Obwohl der einzige Sohn einer wohlhabenden Familie griechisch-armenischer Herkunft – kein Muttersöhnchen. Obwohl talentiert und früh gefördert – kein Snob. Glamour interessierte ihn nicht, er besaß eine selbstverständliche, natürliche Anmut. Kazazians Vater schneiderte Pret-á-Porter. Die bildschöne Mutter war eine begabte Designerin. Sie hatten alles: Herkunft, Eleganz, Wohlstand – und Bildung. Der Sohn, gerade zwanzig, zögerte, die väterliche Firma zu übernehmen. Das Zaudernde gehörte zu seinem Wesen – als Privileg einer wohlhabenden Klasse war es ihm sicher nicht bewusst.
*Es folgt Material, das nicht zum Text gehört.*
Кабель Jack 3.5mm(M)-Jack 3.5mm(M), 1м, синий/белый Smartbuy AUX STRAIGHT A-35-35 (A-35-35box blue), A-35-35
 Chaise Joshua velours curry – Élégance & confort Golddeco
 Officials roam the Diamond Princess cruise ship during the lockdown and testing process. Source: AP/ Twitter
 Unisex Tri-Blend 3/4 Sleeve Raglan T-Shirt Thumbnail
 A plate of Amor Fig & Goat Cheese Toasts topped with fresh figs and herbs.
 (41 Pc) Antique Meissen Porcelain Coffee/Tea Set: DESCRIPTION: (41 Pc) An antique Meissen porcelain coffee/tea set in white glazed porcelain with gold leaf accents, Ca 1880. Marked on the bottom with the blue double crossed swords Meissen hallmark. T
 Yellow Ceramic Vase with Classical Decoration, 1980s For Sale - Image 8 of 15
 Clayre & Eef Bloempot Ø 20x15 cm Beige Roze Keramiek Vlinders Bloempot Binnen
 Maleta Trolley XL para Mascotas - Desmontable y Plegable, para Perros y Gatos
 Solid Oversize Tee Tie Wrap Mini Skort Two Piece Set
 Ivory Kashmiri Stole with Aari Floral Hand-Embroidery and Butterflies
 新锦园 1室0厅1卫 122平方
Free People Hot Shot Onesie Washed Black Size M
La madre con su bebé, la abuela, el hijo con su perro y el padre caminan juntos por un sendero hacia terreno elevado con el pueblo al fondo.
Die Mutter hätte dem sensiblen Sohn den Wehrdienst gern erspart und sorgte mit ihren Beziehungen immerhin für einen gänzlich ungefährlichen Posten: Für ein paar Monate wurde Thierry Wärter im französischen Marinemuseums in Paris, im Palais de Chaillot, gleich gegenüber dem Eiffeltutm. Stundenlang betrachtete er Schiffsmodelle, Sextanten, Uniformen und Gallionsfiguren. Ausgerechnet dort entdeckte er den Designer in sich – wenn man so will, aus dem Ennui heraus. Gleichzeitig entwickelte er eine Neigung, Dinge zu bewahren. Als er sich entschied, Design zu studieren, verwarf er als erstes die elterliche Neigung zu Opulenz und Luxus. Auf selbstverständliche Weise ging es Kazazian von Anfang an darum, „leichte“ Dinge zu entwerfen, solche, die man benutzen, aber nicht unbedingt besitzen will; Kazazian entdeckte die Nachhaltigkeit, lange, bevor der Begriff in Mode kam.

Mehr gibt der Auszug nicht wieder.